Julian Betko rebounded a missed 3-pointer by A.J. Graves and was fouled with 4.9 seconds left for Butler. He made 1-of-2 from the line, and JaJuan Smith grabbed the rebound before icing the game with foul shots at the other end.
The Bulldogs, who got a low seed considering their No. 11 national ranking, didn’t have their minds changed. Coach Brad Stevens remains convinced his team is “Final Four-caliber,” and his players agree.
“Why wouldn’t we? We play our style of basketball,” said Mike Green, who had 15 points, seven rebounds and five assists before fouling out late in overtime. “It’s been very effective.”
So has Tennessee’s more fast-and-loose style.
JaJuan Smith sported the motivating message “No. 1 seed” on his sneakers for a second straight game for a Vols team that felt they were worthy. Tennessee survived the tournament’s opening weekend for the second straight year and avoided another 2-seed flop. The Vols had fallen in the second round as a No. 2 seed in 2006, the only other time they were seeded as high.
Wayne Chism led foul-plagued Tennessee with 16 points, while Tyler Smith added 15 and eight rebounds and JaJuan Smith had 11.
The Vols led by 13 in the first half and 10 early in the second, but Butler kept coming back.
The Bulldogs, who couldn’t catch up to Tennessee for the first 37-plus minutes, took their first lead on Graves’ short jumper in the paint to make it 68-66 with 1:46 left in overtime. Ramar Smith and Chism both scored inside to retake the lead inside the final minute.
Tyler Smith blocked Graves from behind and Chism won the scramble for the loose ball and called timeout with 33 seconds left. Smith was thankful the referees didn’t call goaltending.

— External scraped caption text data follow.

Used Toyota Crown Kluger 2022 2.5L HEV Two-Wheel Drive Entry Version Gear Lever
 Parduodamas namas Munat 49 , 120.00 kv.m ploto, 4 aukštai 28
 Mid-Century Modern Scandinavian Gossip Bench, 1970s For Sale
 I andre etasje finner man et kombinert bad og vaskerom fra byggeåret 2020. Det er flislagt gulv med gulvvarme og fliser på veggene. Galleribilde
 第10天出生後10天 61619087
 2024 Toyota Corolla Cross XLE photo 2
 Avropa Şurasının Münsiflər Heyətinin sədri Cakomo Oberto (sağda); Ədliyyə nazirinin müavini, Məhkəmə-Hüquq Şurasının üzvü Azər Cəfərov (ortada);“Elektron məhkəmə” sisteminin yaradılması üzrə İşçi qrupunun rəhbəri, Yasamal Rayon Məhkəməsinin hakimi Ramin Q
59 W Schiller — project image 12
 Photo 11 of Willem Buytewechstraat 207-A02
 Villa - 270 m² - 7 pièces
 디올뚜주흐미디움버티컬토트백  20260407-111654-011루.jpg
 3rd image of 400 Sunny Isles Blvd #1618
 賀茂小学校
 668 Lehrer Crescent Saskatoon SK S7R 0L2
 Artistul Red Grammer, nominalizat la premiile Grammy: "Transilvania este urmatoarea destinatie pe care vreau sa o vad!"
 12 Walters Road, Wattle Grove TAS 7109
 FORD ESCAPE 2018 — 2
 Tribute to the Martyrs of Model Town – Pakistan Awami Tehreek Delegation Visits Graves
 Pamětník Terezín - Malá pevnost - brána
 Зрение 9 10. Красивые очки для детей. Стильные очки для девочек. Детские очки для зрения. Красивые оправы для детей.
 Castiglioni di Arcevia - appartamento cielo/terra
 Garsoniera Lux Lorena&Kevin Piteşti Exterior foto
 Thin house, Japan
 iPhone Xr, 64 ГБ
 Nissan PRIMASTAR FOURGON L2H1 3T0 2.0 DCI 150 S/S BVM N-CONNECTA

“I was so happy they gave it to me,” he said. “I don’t know if I caught it on the way up or the way down.”
Ramar Smith then scored, coming up with a big play after losing his starting job to J.P. Prince, an Arizona transfer who made his first start for Tennessee.
“I came in and backed my teammates up,” Ramar Smith said. “I came out and played my heart out for my teammates.”
Prince had nine points, seven rebounds, five assists—and six of the Vols’ 20 turnovers.
Graves led Butler with 21 points on just 6-of-18 shooting. Pete Campbell, who made eight 3s in the first round, added 12 points and Willie Veasley had 11.
Regulation ended in anticlimactic fashion.
Veasley pushed the ball back in the basket off a missed shot to make it 63-all with 37 seconds left, then Tennessee pushed it across midcourt and called timeout.
Prince was called for traveling against defender Drew Streicher with 4 seconds left, and Green caught the inbounds pass on the run but couldn’t get off a decent shot.
The Vols tried to set the tone early, sinking three 3-pointers and forcing five turnovers in the first five minutes on their way to a 21-8 lead.
“We sent a message right off the bat that we were going to represent the SEC,” Pearl said. “I thought we showed a tremendous determination to advance.”
Butler, winner of 59 games the past two seasons, hardly panicked. After all they rallied to beat Tennessee in the regular season last year after trailing, coincidentally, 21-8.
“I’ll tell you this about our team: We haven’t been out of a game in a long time,” Stevens said. “When you think about what this team has accomplished in the last two years, it’s absolutely incredible.”